Quand il fait soudainement gris sur la Provence et qu’il a un petit coup de saudade, André Villas-Boas a une solution : visionner un extrait des déplacements de Dario Benedetto, la pointe argentine qu’il a recrutée cet été. Cela donne un moral de conquérant. « Ses mouvements sont incroyables, apprécie l’entraîneur de l’OM. Il est mieux physiquement, son timing de déplacement est bon, j’espère qu’il continuera comme ça. »
Interrogé sur la barrière des trente buts, un cap sacré seulement atteint ou dépassé par les Parisiens Ibrahimovic, Cavani et Mbappé lors de la dernière décennie, AVB raconte une autre histoire, bien au-delà de la pure statistique : « Quand j’ai parlé avec certains de ses anciens coaches ou partenaires, au moment de le recruter, comme (Guillermo) Barros Schelotto, qui fut son entraîneur à Boca, tout le monde m’a dit : “Je suis sûr qu’il mettra quinze buts en France.” Nous sommes déjà à quatre, c’est pas mal ! J’espère qu’il peut arriver à ce premier grand objectif, on l’a pris notamment pour ça.
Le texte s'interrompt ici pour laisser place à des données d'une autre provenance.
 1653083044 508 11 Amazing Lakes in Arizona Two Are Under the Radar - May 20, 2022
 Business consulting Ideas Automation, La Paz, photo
Mais trente buts, cela voudrait dire aussi que l’équipe est trop dépendante de lui. Une des forces de Dario est aussi sa capacité à mettre une dernière passe. Thauvin n’est pas là, Payet est un peu plus buteur que Sarr, Dario peut donner ce type de ballons à Valère (Germain). Il l’a fait dans tous les clubs où il est passé : du jeu entre les lignes et des passes décisives. » Pour Francisco Ferraro, son mentor à Gimnasia y Esgrima de Jujuy au début des années 2010, «Dario est très fort pour se démarquer, il aime décrocher pour ouvrir des espaces à ses partenaires. »
À Monaco, dimanche dernier, AVB a voulu enfoncer l’axe central des locaux, très fébrile depuis le début de saison. Sanson s’est projeté vers Benedetto, les deux ailiers de circonstances de son 4-3-3, Payet et Germain, repiquant souvent pour épauler l’Argentin. Cette concentration axiale a aussi permis aux latéraux marseillais d’avoir du champ sur leurs incursions. Porté par la précision diabolique de Benedetto (un tir sur deux cadré en moyenne, 62 % de passes réussies dans les 30 derniers mètres en L 1), le plan a fonctionné.
« Ce jeu court dans un petit périmètre, avec des coéquipiers proches les uns des autres, demande une grande justesse technique tant il y a de densité, confie Elie Baup, consultant sur beIN Sports et ancien entraîneur de l’OM. On l’a vu en début de Championnat, balancer des obus ou des tonnes de centres aé- riens ne fera pas le bonheur de Benedetto, ni même de Germain d’ailleurs. »
Baup lui voit un style différent d’un autre débutant argentin en L 1, le Parisien Mauro Icardi, qui squatte haut quand Benedetto descend parfois très bas pour initier les offensives : en moyenne, le buteur marseillais touche 3 de ses 28 ballons par match dans la surface adverse. « Icardi reste sur ses centraux, les épuise avec sa technique de corps et la puissance de ses appuis, dit Baup. Benedetto se déplace dans de nombreuses zones, les déplacements des partenaires doivent être accordés, cela récompense un grand travail en amont quand ça fonctionne. Après avoir inscrit quatre buts, les adversaires vont le cerner à la vidéo, il aura l’attention de plusieurs défenseurs, les autres Olympiens devront en profiter. »
Principal pourvoyeur de son avant-centre jusqu’ici, avec deux passes décisives, Sanson évoque un autre grand nom au moment de décrire Benedetto : « Il me fait penser à Agüero, parce que, même si on ne dirait pas, il est très costaud sur ses jambes, il a une super frappe de balle. On se régale à jouer avec lui, il décroche, il dézone. Il bouge beaucoup, ce qui fait bouger les adversaires, et il crée des espaces entre les lignes. Nous, derrière, on profite, on arrive à se trouver. Et en plus de ça, il marque des buts et on espère qu’il va en marquer d’autres. On est super contents de lui. »
Toujours plus discret dans la dernière demi-heure des rencontres, après s’être dépensé sans compter avant, l’Argentin (29 ans) devra dribbler lassitude physique ou petits pépins, et maintenir un volume de courses régulier sur les mois à venir. En attendant, béni soit Benedetto, l’avant-centre qui berce les supporters marseillais marqués par des années de nuits sans sommeil et sans « grantatakan ».